Image-text web data:
--------------------------------
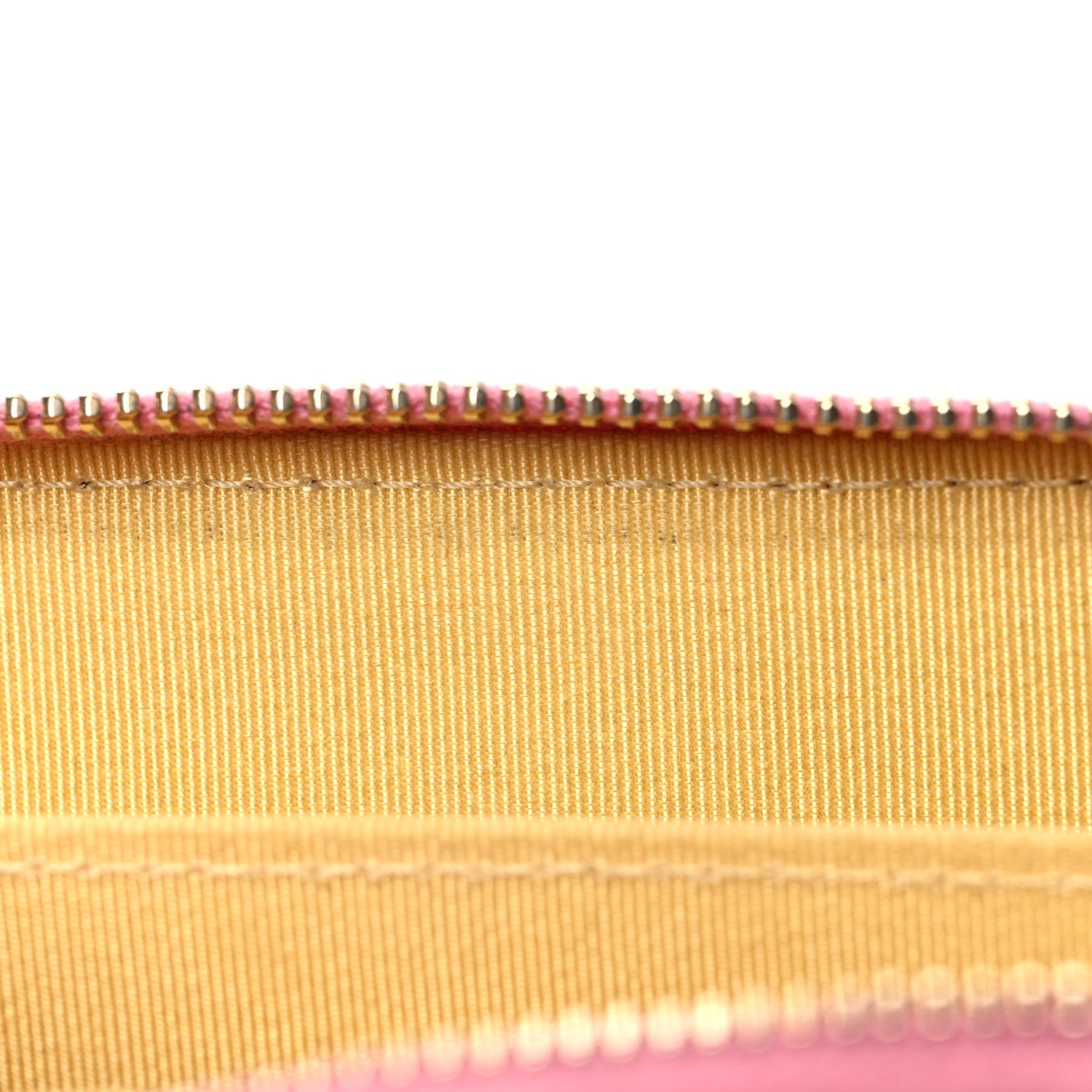 Chanel Lambskin Quilted Zip Around Coin Purse Wallet Pink Yellow 10 of 12
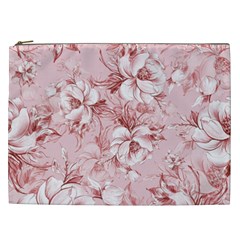 Flower Flowers Floral Flora Naturee Pink Pattern Cosmetic Bag (XXL)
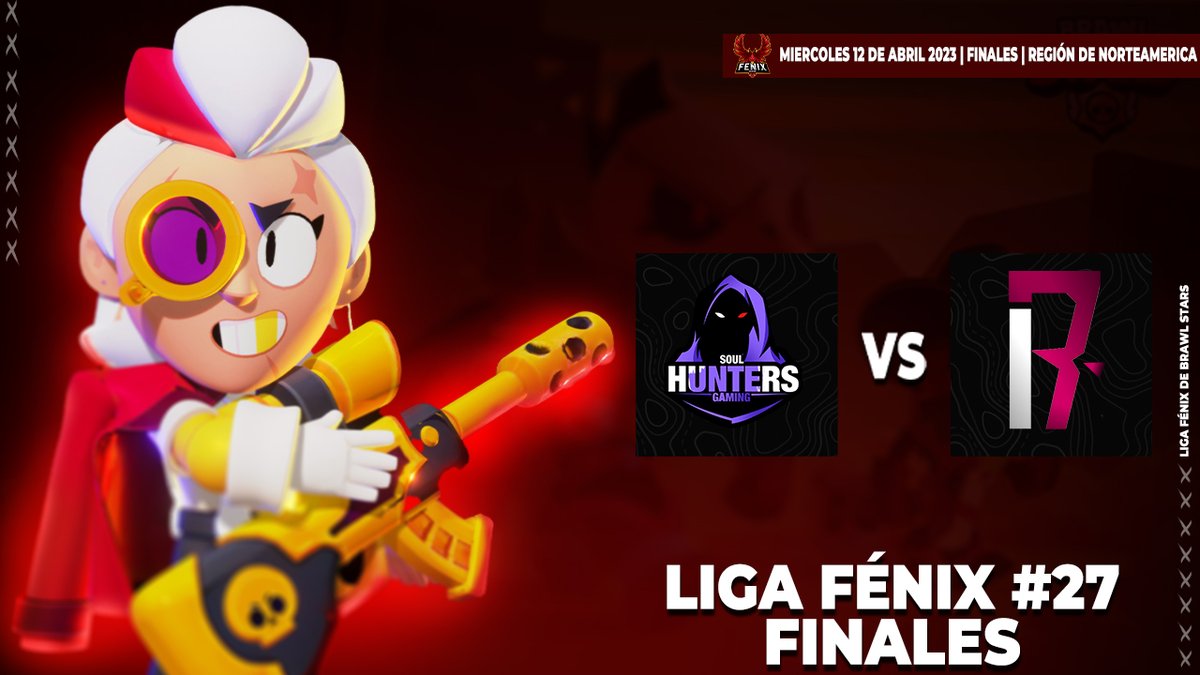 En unos minutos en vivo la final de la edición 27 de <a href="/Fenix_LeagueBS/">Fenix League</a> 

El recien revivido <a href="/SLHGaming_GG/">Soul Hunters Gaming</a> 🆚 R7 (No dejaron su @)

En vivo por mi canal 
twitch.tv/iamjuliomx_

Como dato extra R7 quedo subcampeon en la anterior edición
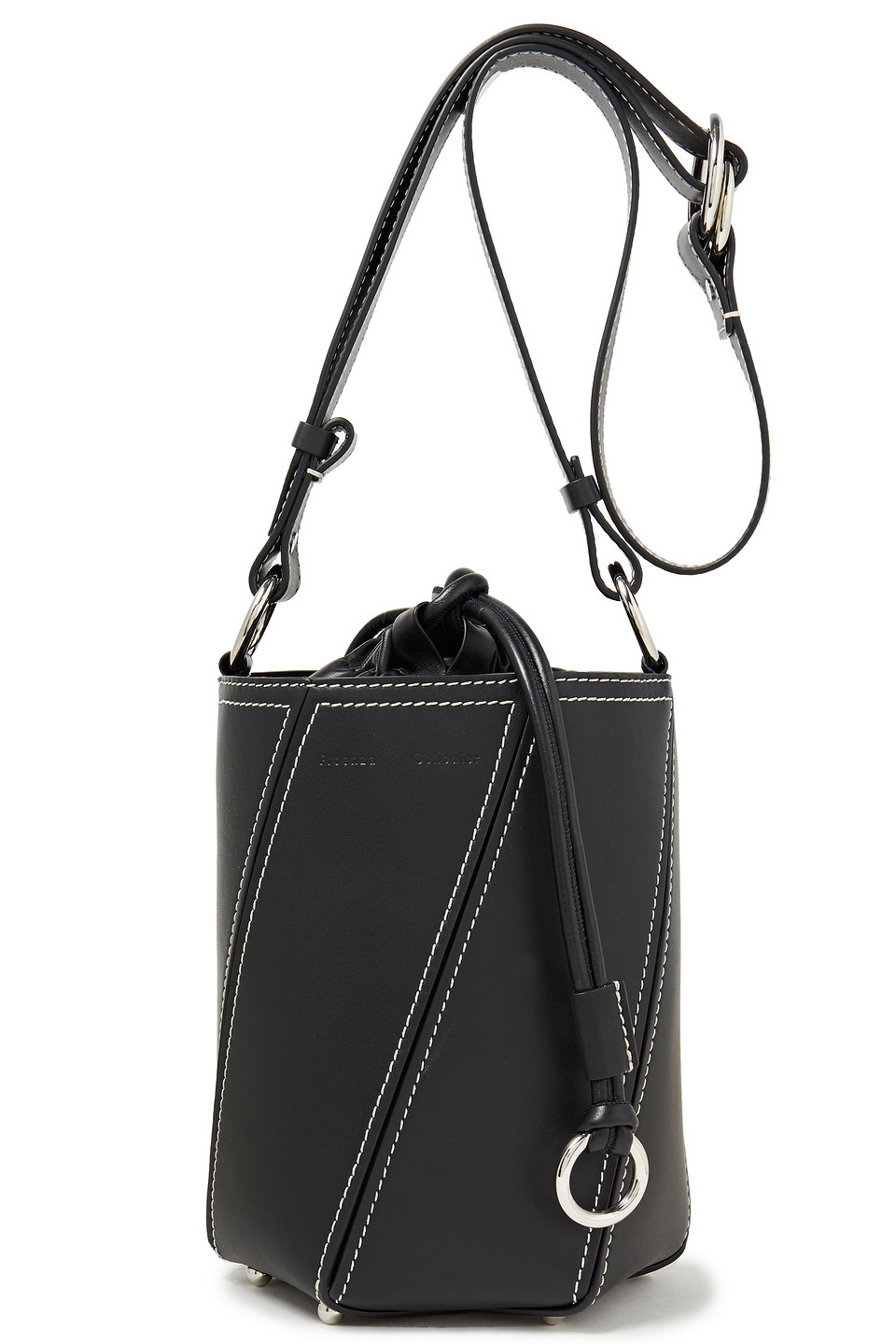 Proenza Schouler Woman Hex Paneled Leather Bucket Bag Black Size --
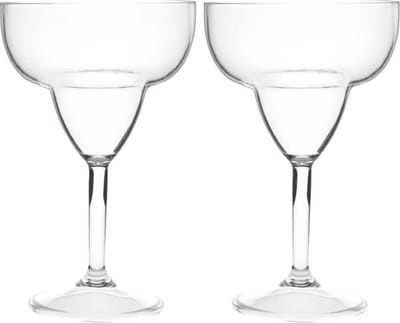 Fjesta© Cocktailglazen Margarita – Kunststof Glazen – 35cl – Transparant – 2 Stuks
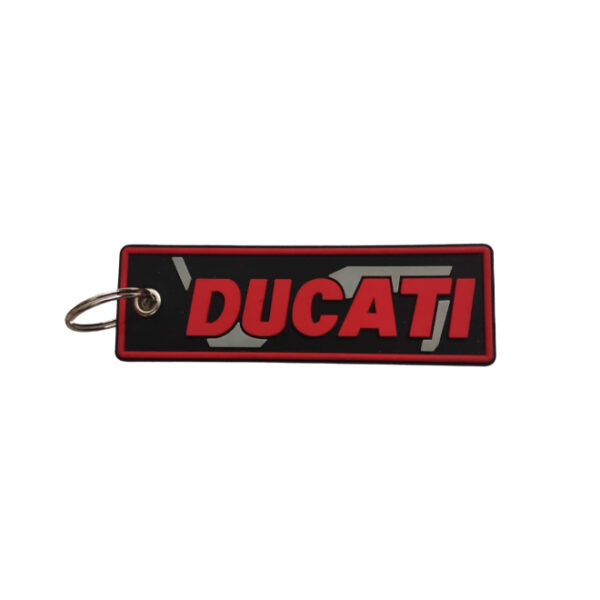 Rubber Keychain Single Side Design Ducati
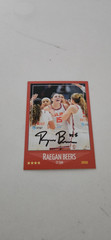 RAEGAN BEERS SIGNED AUTO 2026 CONNECTICUT SUN CARD # 1 WNBA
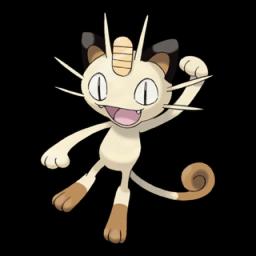 Official artwork of Meowth oscuro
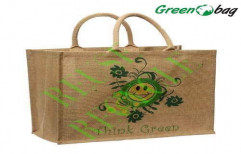 Stylish Jute Shopping Bags by Green Packaging Industries (P) Limited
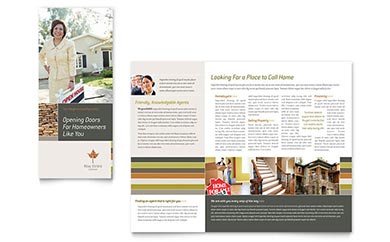 Free Real Estate Trifold Brochure Template - Word, Publisher, InDesign, Illustrator, Pages, QuarkXPress, CorelDraw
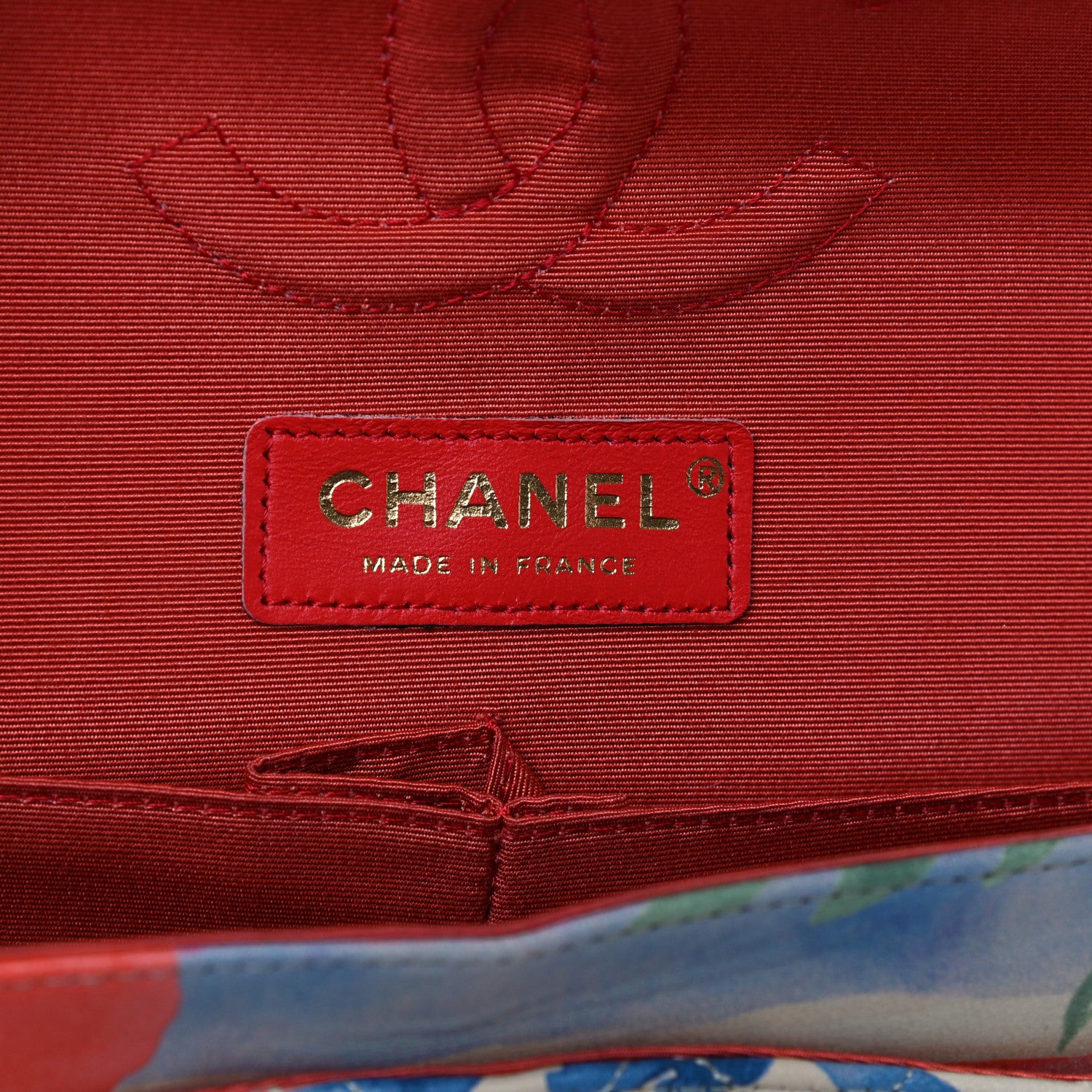 Chanel Lambskin Quilted Floral Medium Double Flap Multicolor 6 of 13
--------------------------------
Could you give all the records again, exactly, minus the pictures?

 Chanel Lambskin Quilted Zip Around Coin Purse Wallet Pink Yellow 10 of 12
 Flower Flowers Floral Flora Naturee Pink Pattern Cosmetic Bag (XXL)
 En unos minutos en vivo la final de la edición 27 de <a href="/Fenix_LeagueBS/">Fenix League</a> 

El recien revivido <a href="/SLHGaming_GG/">Soul Hunters Gaming</a> 🆚 R7 (No dejaron su @)

En vivo por mi canal 
twitch.tv/iamjuliomx_

Como dato extra R7 quedo subcampeon en la anterior edición
 Proenza Schouler Woman Hex Paneled Leather Bucket Bag Black Size --
 Fjesta© Cocktailglazen Margarita – Kunststof Glazen – 35cl – Transparant – 2 Stuks
 Rubber Keychain Single Side Design Ducati
 RAEGAN BEERS SIGNED AUTO 2026 CONNECTICUT SUN CARD # 1 WNBA
 Official artwork of Meowth oscuro
 Stylish Jute Shopping Bags by Green Packaging Industries (P) Limited
 Free Real Estate Trifold Brochure Template - Word, Publisher, InDesign, Illustrator, Pages, QuarkXPress, CorelDraw
 Chanel Lambskin Quilted Floral Medium Double Flap Multicolor 6 of 13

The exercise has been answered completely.